## DIRECTIONS FOR THIS TASK
In the data below, find the line with "Unifi VPN Client Config Upload" and the line with "1 Dozen Game", then restate both and every line between them exactly, minus the pictures.

## INFORMATION
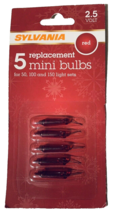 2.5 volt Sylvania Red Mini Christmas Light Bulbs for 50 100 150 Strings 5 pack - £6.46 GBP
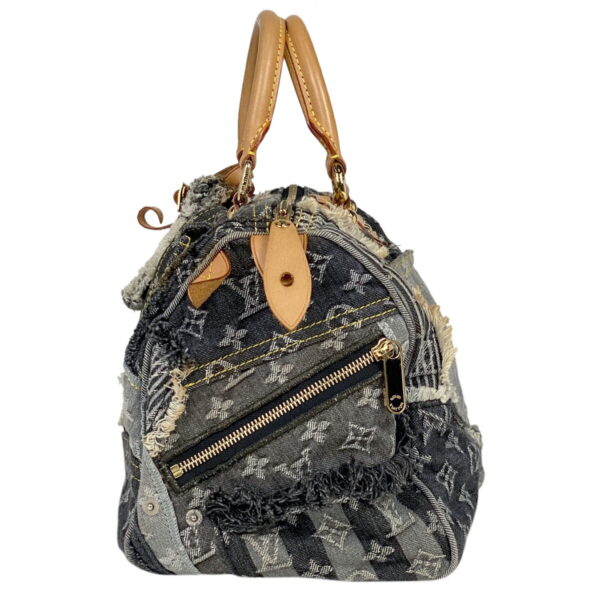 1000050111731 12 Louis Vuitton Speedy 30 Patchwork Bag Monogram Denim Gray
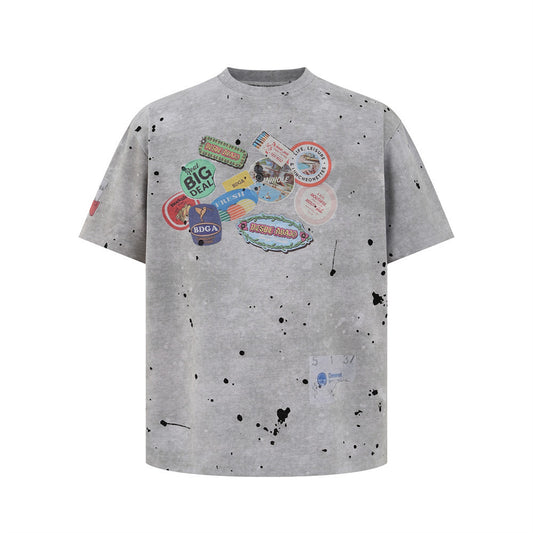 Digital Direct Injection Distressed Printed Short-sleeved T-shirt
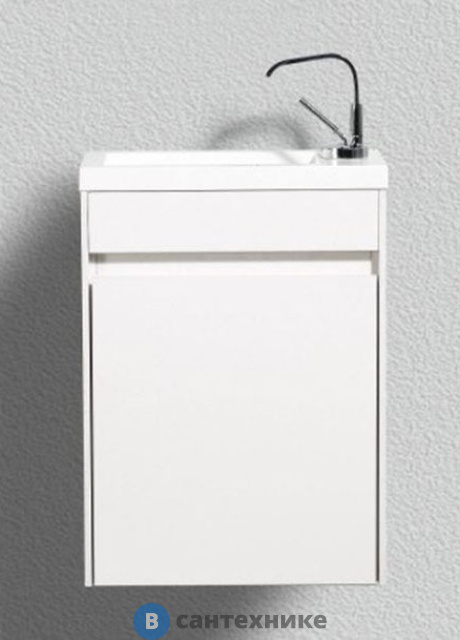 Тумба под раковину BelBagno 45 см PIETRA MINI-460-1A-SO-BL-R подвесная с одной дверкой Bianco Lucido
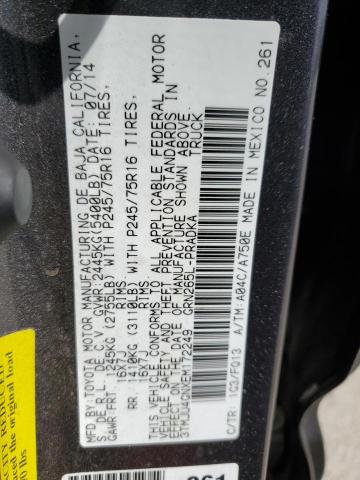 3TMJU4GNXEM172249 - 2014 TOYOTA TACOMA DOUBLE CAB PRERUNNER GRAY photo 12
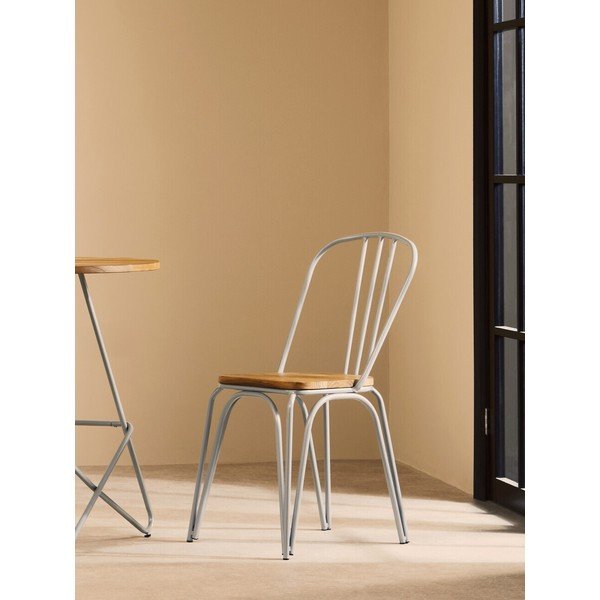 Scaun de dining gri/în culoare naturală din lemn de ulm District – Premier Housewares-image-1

...

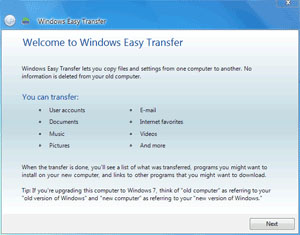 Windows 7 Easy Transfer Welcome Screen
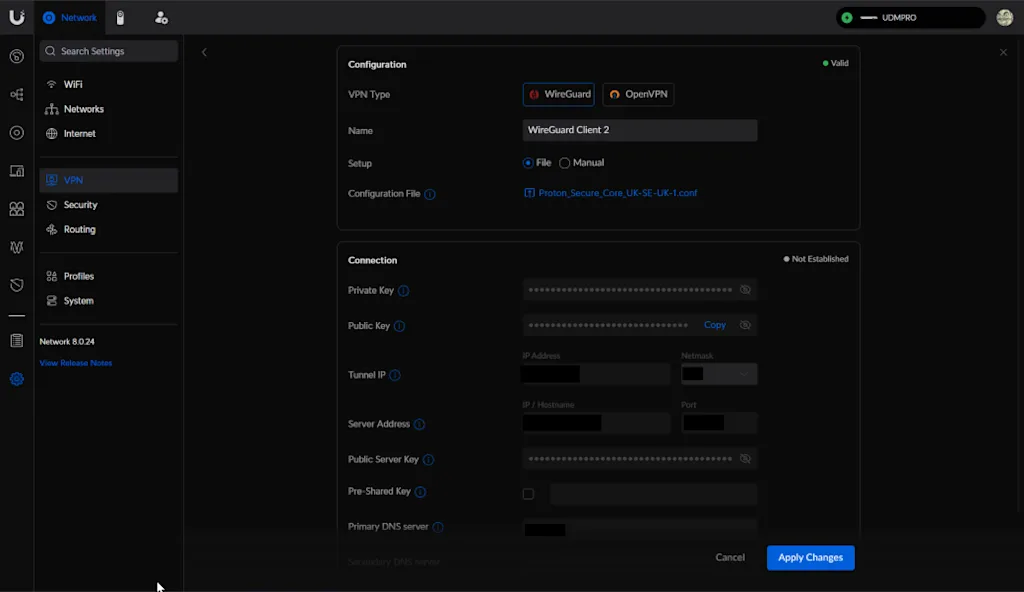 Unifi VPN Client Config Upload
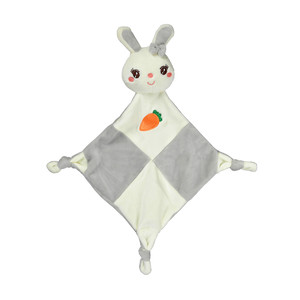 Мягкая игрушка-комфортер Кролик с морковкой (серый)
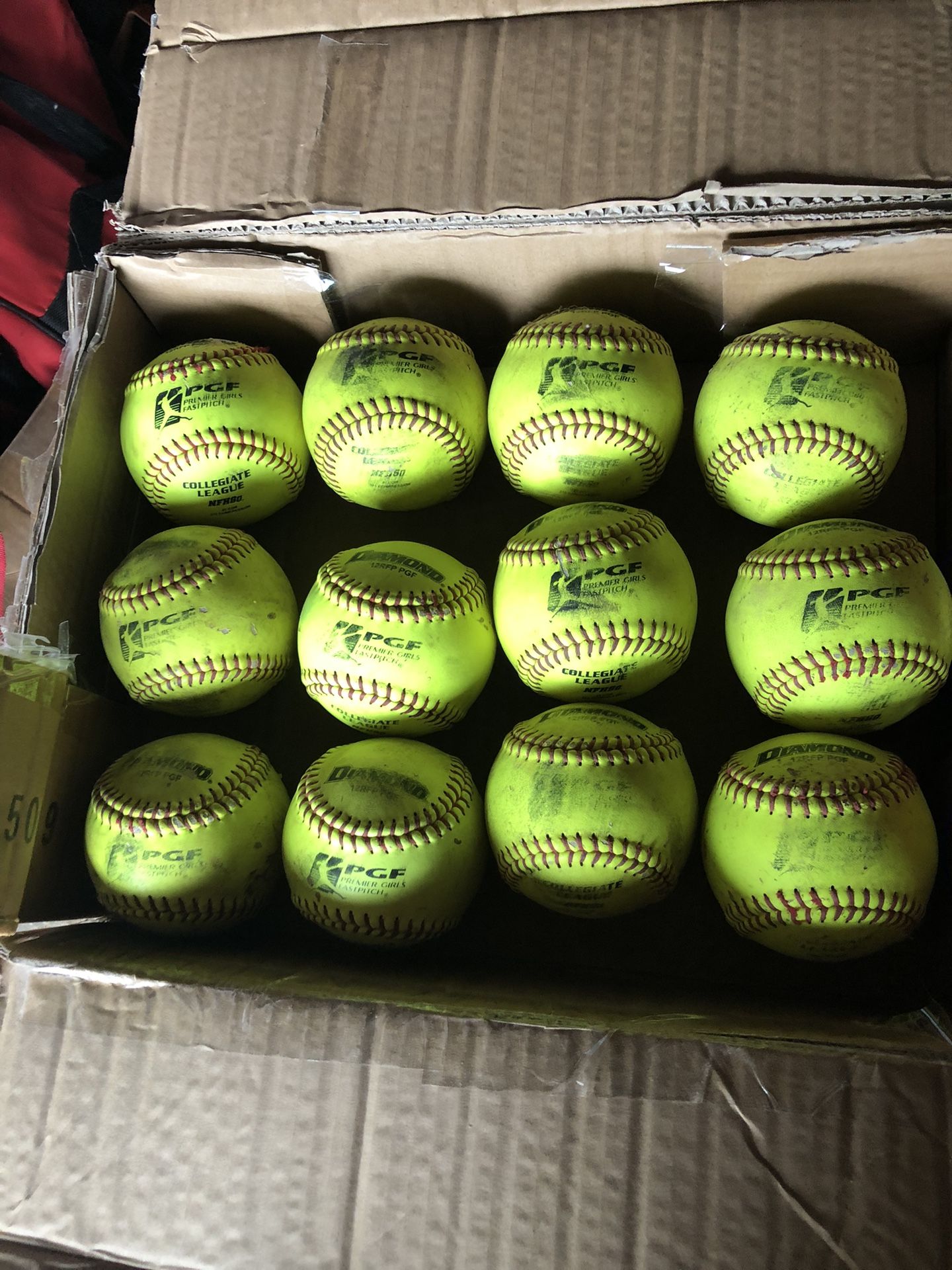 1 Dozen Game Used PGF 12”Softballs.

* * *

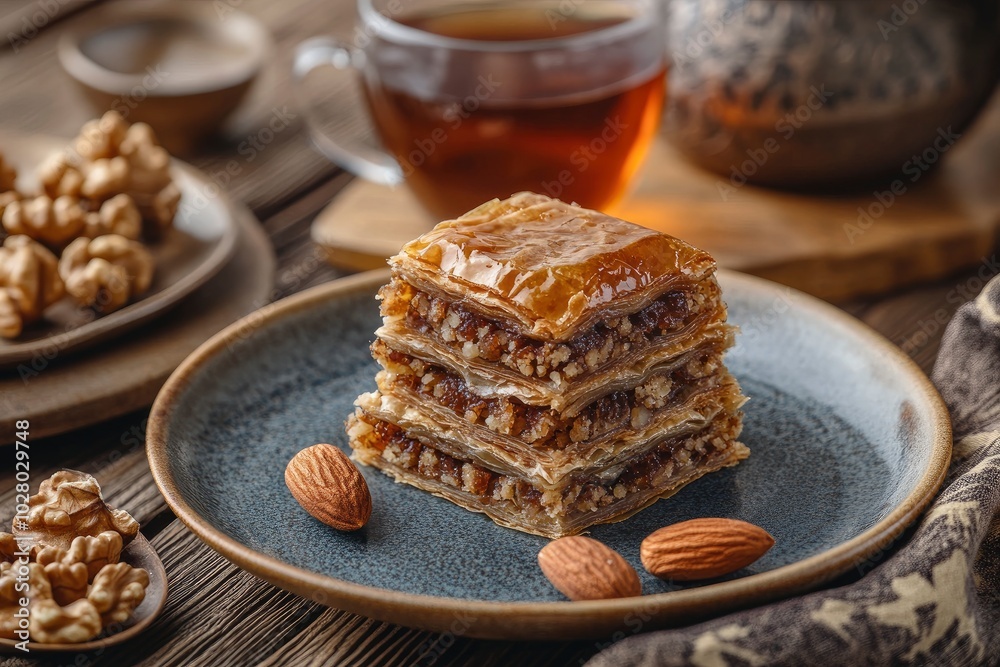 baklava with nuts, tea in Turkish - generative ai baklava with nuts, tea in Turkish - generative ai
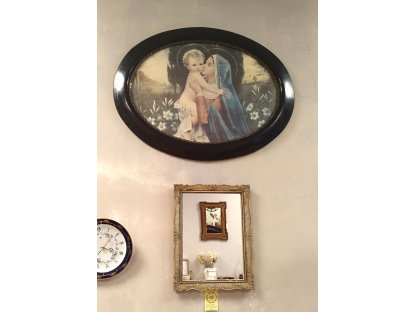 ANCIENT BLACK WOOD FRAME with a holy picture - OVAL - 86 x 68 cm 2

## ANSWER BOX
 Unifi VPN Client Config Upload
 Мягкая игрушка-комфортер Кролик с морковкой (серый)
 1 Dozen Game Used PGF 12”Softballs.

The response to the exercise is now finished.